The second result of this failure to
reform is an entrenching of special interests in state politics. Both the Republicans and Democrats have their
donors and special interests that entrench political positions, exacerbate
polarization, and make political compromise near impossible. In 2014, $64,000,000 was spent by lobbyist
principals to influence legislation at the Capitol. Combine that with political contributions to
candidates, parties, and caucuses, and independent expenditures, and in excess
of $80,000,000 or nearly $400,000 per legislator was spent in 2014 to affect
legislation or state elections. No
wonder nothing can get done at the Capitol, it is locked down by special
interest money that makes it impossible to act.

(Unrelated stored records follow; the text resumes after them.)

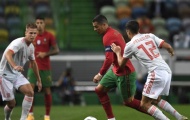 Ronaldo bùng nổ khiến Tây Ban Nha chao đảo, Bồ Đào Nha vẫn cay đắng vì 'thần hộ mệnh'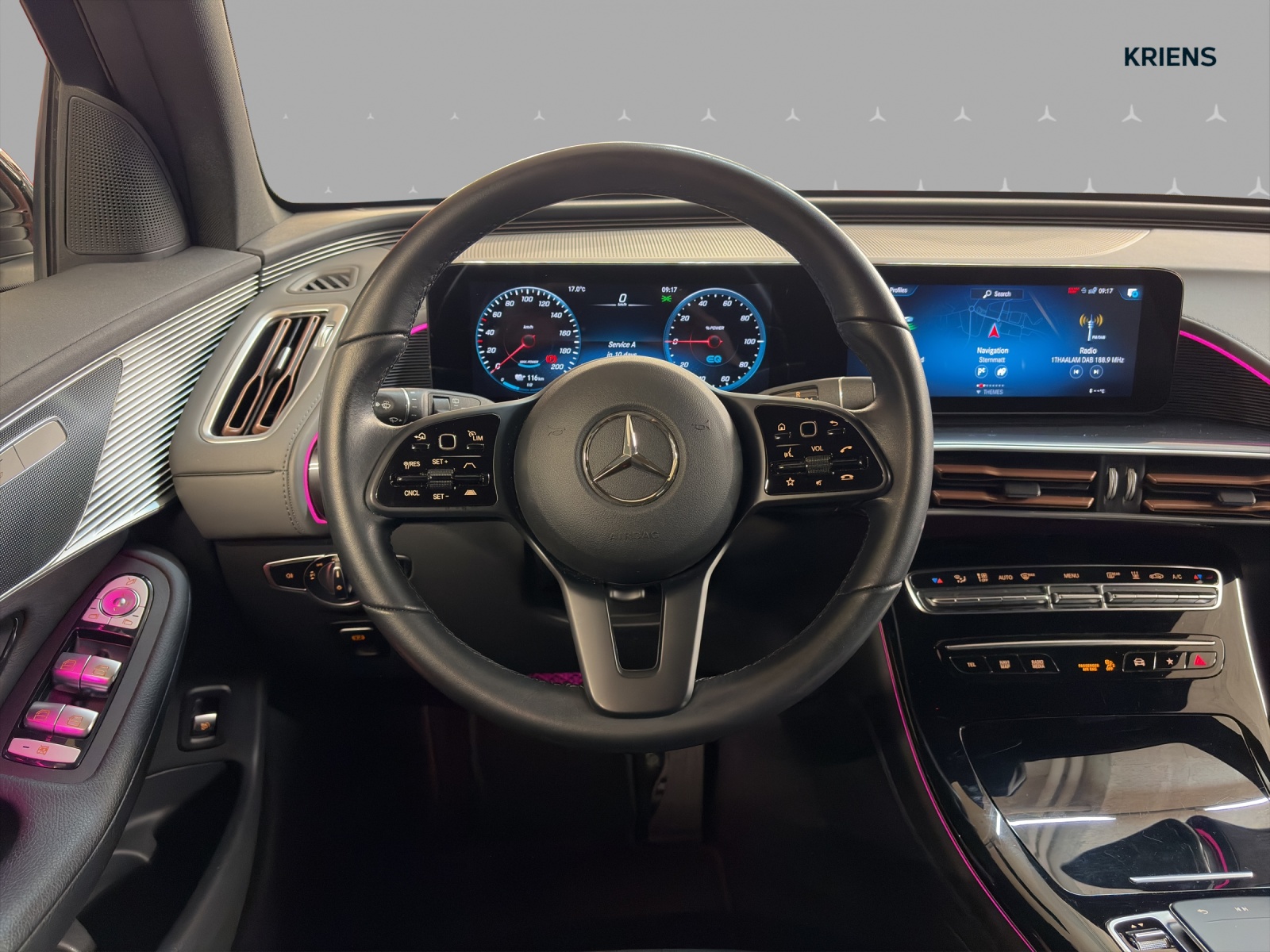 MERCEDES-BENZ EQC 400 4M - EQ Star / DISTRONIC / 360 Grad Kamera-image-11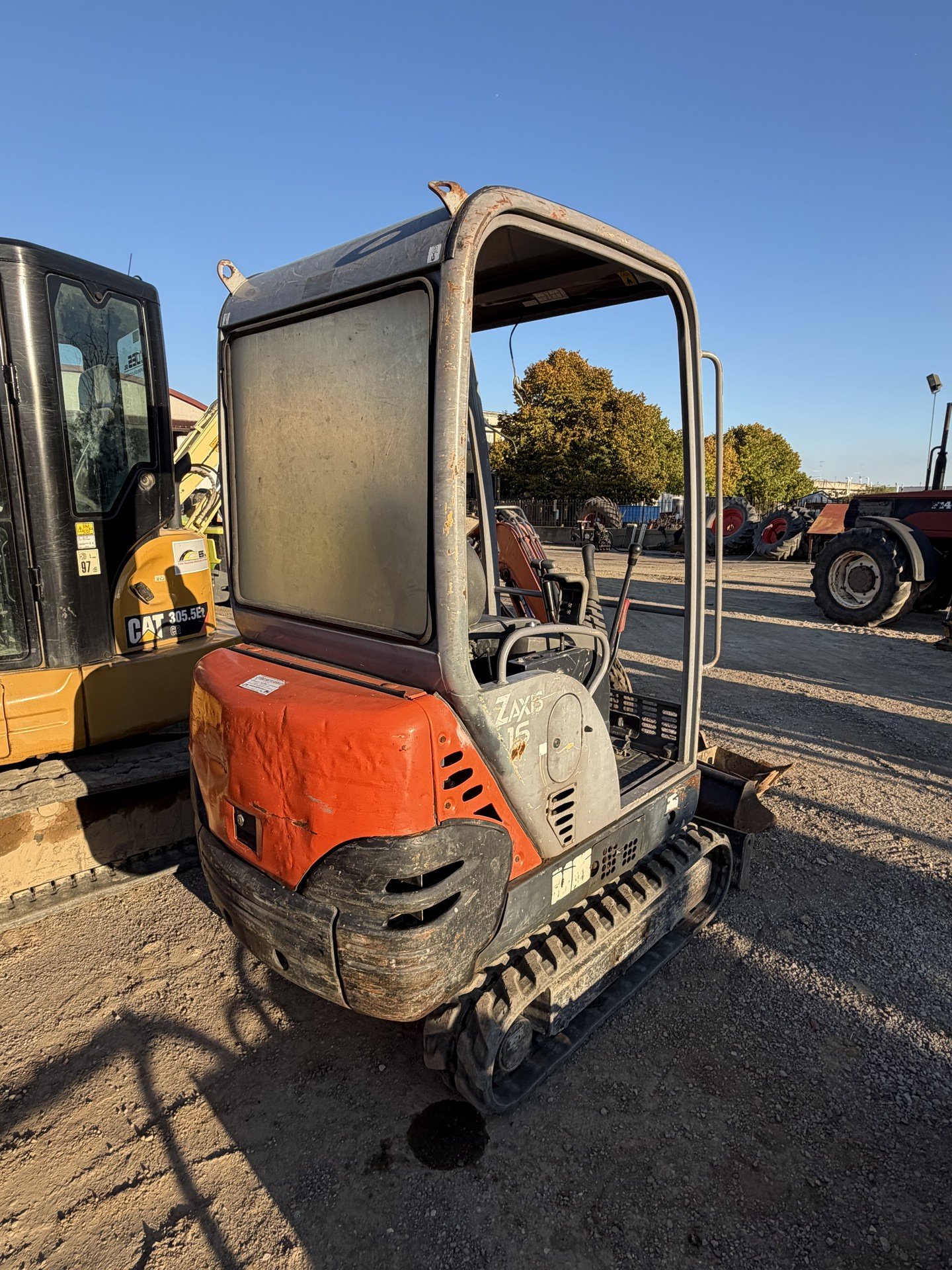 HITACHI ZAXIS 15
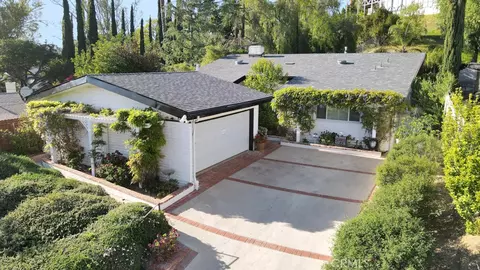 4611 Galendo St, Woodland Hills, CA 91364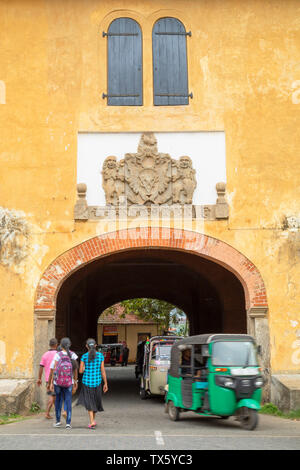 Tuk Tuks am alten Tor, Galle, Bundesland Kärnten, Sri Lanka Stockfoto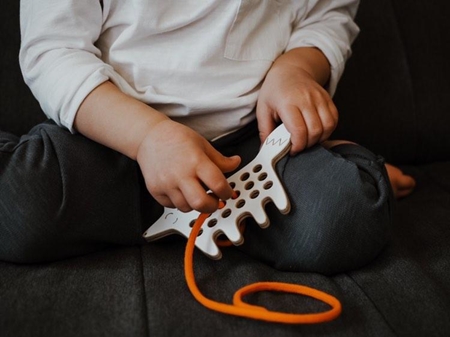 Milin Small Wooden Lacing Toy Fox aktivity hračka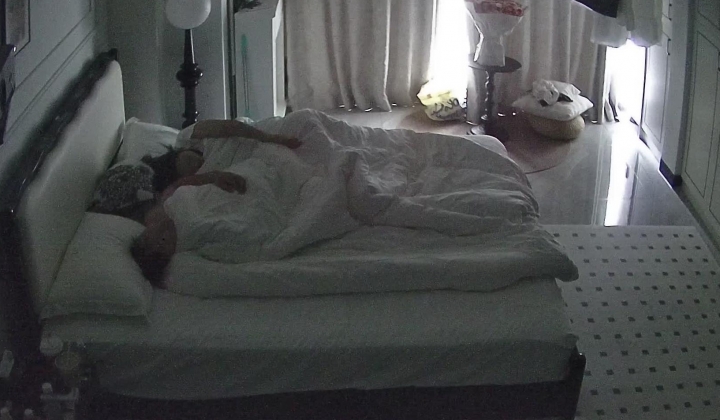 公寓酒店 最典型的又菜又爱玩 女人把裤子脱了逼对着他不操 非要撸管颜射 几天没一次像样的操逼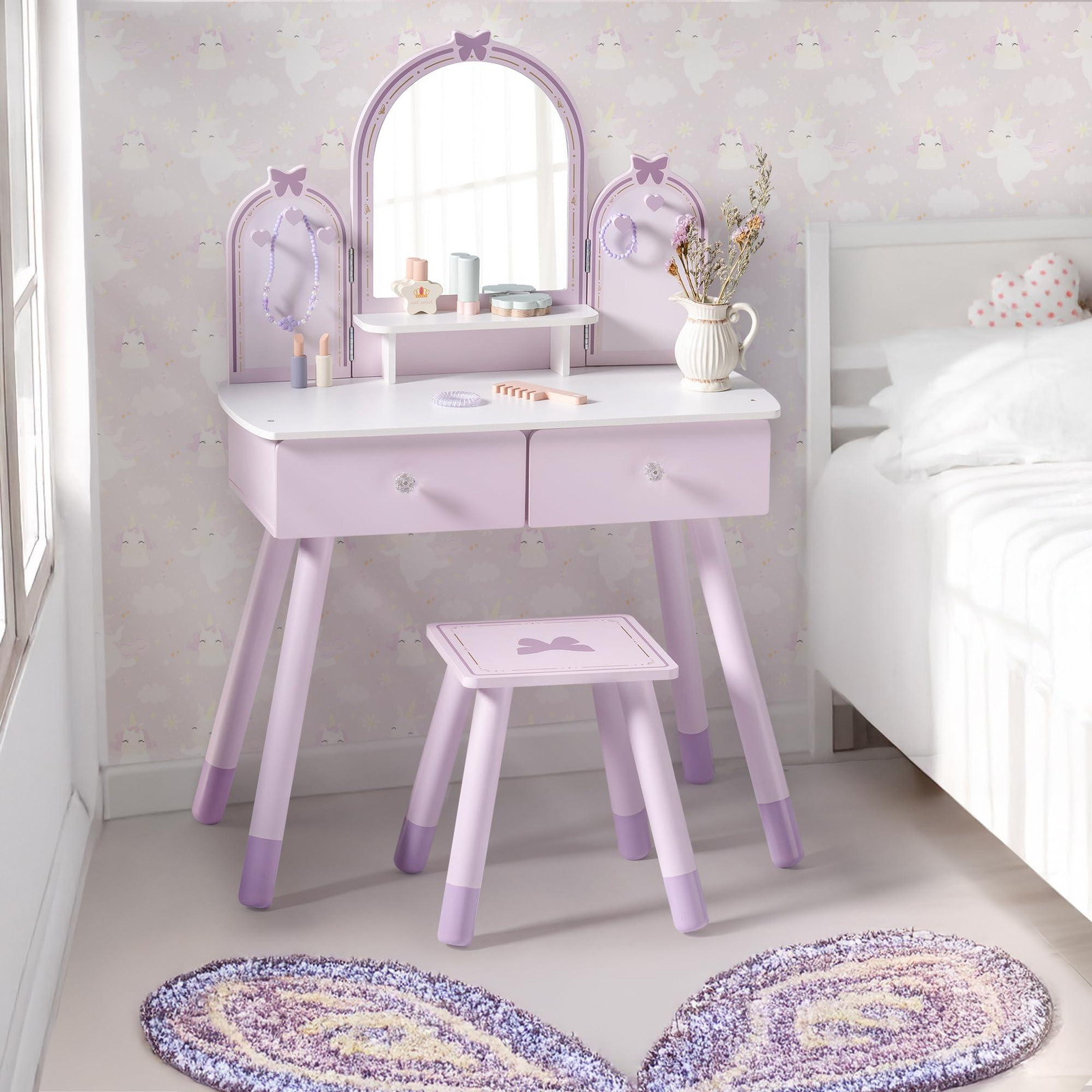 Robuste houten kindertafel met kruk, spiegel en accessoires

This is why Minnesota has had two shut downs in the recent past and why
it now appears possible that the state is hurling toward another.
The collapse of political ethics and
government reform in Minnesota is directly connected to its failures in
governance and why it is no longer a reformer in other areas in the way it once
was. MNSure might be a success when it
comes to the number of people who get insurance, but its rollout was a mess and
the only reason we have this reform is because of Obamacare. The old education reforms of charter schools
and open enrollment had produced new racial segregation and failed to address
the achievement gap because they were not improved upon. The Fiscal Disparities Act has been gutted
and the Met Council weakened and turned into noting more than a patronage tool
for governors and a developers. Minnesota
has a failed budget process that is again repeating itself. And it is unable to make badly needed reforms
to infrastructure funding and local government
aid.
What reform has come down to in
Minnesota is money. Republicans seem to think reform is simply cut taxes or
spending. Or in the case of education, Republicans,
along with Terri Bonoff, attack teachers' seniority or unions or otherwise
bleed schools or other institutions with the idea that less money will force
reform. Contrary wise, often Democrats
think that simply more money is the solution.
More money for education, for
example, is needed, but how that money is spent and for whom are more critical
issues.
So reform and innovation is largely
dead or un-creative. Dead because reform
got caught in a partisan crosshair and
dead because the reforms most needed--government ethics and money and politics--stalled.